Former Somali president Hassan Sheikh Mohamud said on Sunday that soldiers had attacked his residence and that President Mohamed Abdullahi Mohamed was responsible.
His accusation came as Somali soldiers exchanged gunfire in the streets of the capital Mogadishu, in a sign of deepening splits in the security forces between those supporting an extension of Mohamed’s presidential term and those opposed.
Analysts say the divisions could distract Somalia’s security forces from the fight against al Qaeda-linked al Shabaab insurgents in the Horn of Africa nation.
The president signed a law in mid-April extending his mandate for two years, stoking opposition inside Somalia and putting him on a collision course with Western and other donors opposed to the move.
“It is very unfortunate that an army under the command of the former president attacked my residence,” Mohamud said on his Twitter account, referring to Mohamed as “the former president” because he does not recognize the extension of his term.
“I have already warned (about) and reiterated the dangers of politicizing security. Farmajo is responsible for the consequences,” he said, referring to Mohamed by his nickname.
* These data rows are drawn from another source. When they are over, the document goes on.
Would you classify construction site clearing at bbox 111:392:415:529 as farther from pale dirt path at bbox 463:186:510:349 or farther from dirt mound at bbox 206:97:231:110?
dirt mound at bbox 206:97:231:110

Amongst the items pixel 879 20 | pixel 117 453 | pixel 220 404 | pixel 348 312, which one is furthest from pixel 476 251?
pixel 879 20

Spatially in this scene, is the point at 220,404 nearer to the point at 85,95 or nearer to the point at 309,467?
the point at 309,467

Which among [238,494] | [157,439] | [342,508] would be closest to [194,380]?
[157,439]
A government spokesman did not immediately respond to a request for comment on the accusations from Mohamud, who was replaced as head of state by Mohamed in 2017.
Earlier, Reuters witnesses heard gunshots in the capital as residents reported clashes between opposing factions in the security forces.
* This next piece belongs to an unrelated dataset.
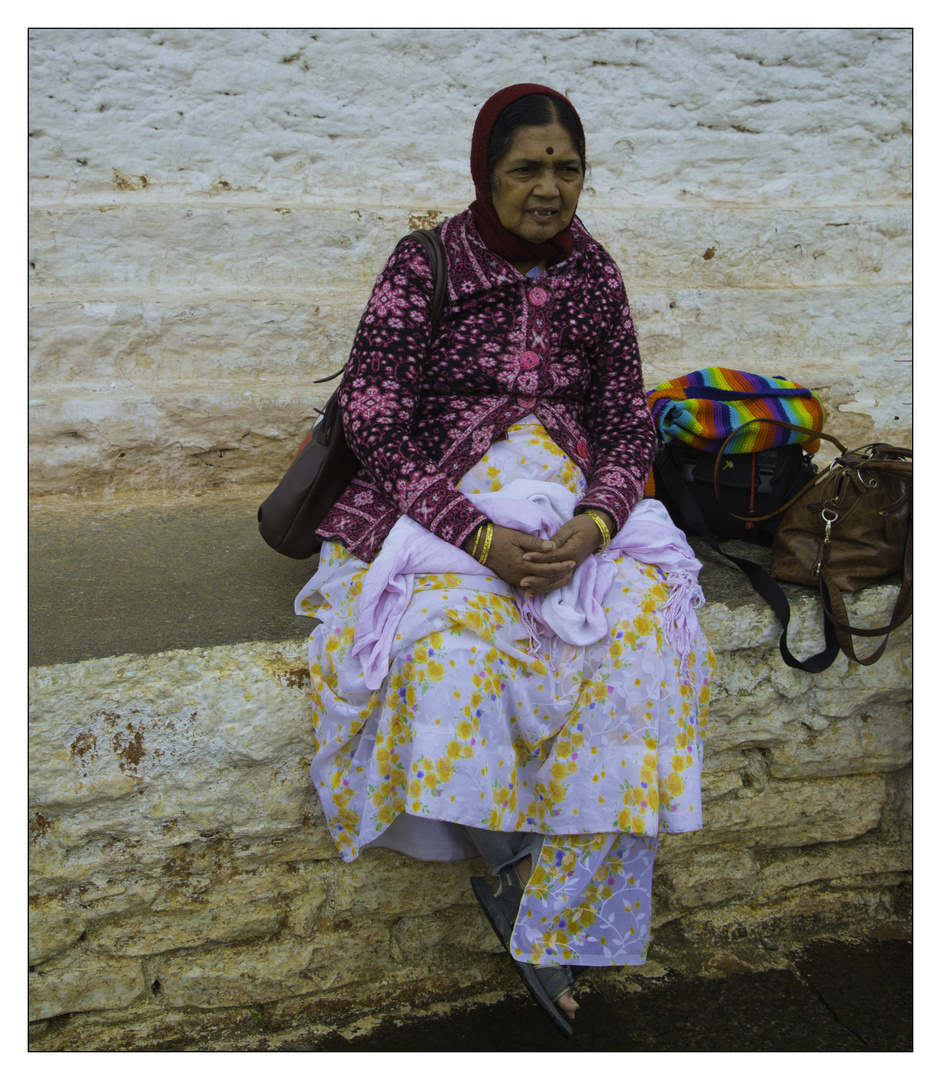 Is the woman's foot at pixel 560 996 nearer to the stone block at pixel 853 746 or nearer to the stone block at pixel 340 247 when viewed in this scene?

“There is gunfire between pro-opposition military and government forces at Fagah Junction,” said Halima Osman, a local resident.
The gunfire later subsided and security forces opposed to Mohamed extending his term were now at Fagah, while others supporting him were at another junction, Sanaa, a kilometer away, Osman said.
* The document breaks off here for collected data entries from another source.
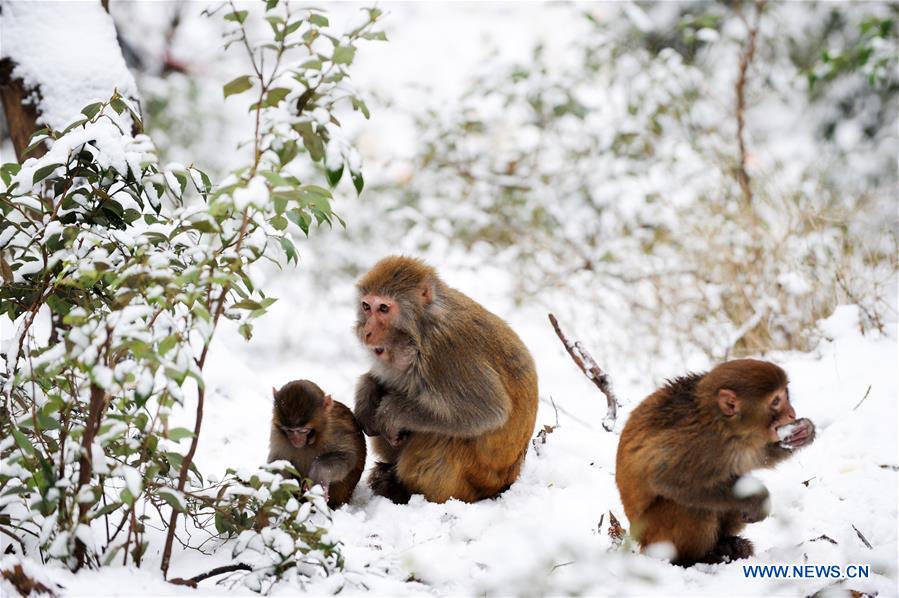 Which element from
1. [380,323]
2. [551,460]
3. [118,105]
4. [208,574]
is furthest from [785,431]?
[118,105]

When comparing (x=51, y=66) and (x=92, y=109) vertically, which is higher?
(x=51, y=66)

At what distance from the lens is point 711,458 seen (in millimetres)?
3062

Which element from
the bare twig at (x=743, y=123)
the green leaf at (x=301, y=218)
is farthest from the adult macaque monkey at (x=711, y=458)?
the bare twig at (x=743, y=123)

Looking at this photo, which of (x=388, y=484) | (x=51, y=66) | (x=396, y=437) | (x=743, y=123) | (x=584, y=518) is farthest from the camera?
(x=743, y=123)

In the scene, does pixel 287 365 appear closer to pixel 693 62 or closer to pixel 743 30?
pixel 693 62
A Reuters witness saw four military vehicles positioned in one place in Fagah. The forces in the vehicles came from the Abgal clans and are loyal to Saney Abdule, a military commander from the Hirshabelle area of central Somalia.
Calls and text messages to the government spokesman went unanswered.
Abdule had announced earlier on Sunday he was withdrawing his forces from some positions and coming to the capital to denounce the extension of the president’s term.
Last week, the Mogadishu police chief announced he was suspending parliament to stop the term extension but was sacked minutes later. Another Somali general has threatened to take over Mogadishu airport to protest the extension.
Somalia, which plunged into civil war in 1991, has been struggling to re-establish the authority of central government and rebuild the nation with international help. The failure to hold elections that were due in February sparked a new crisis.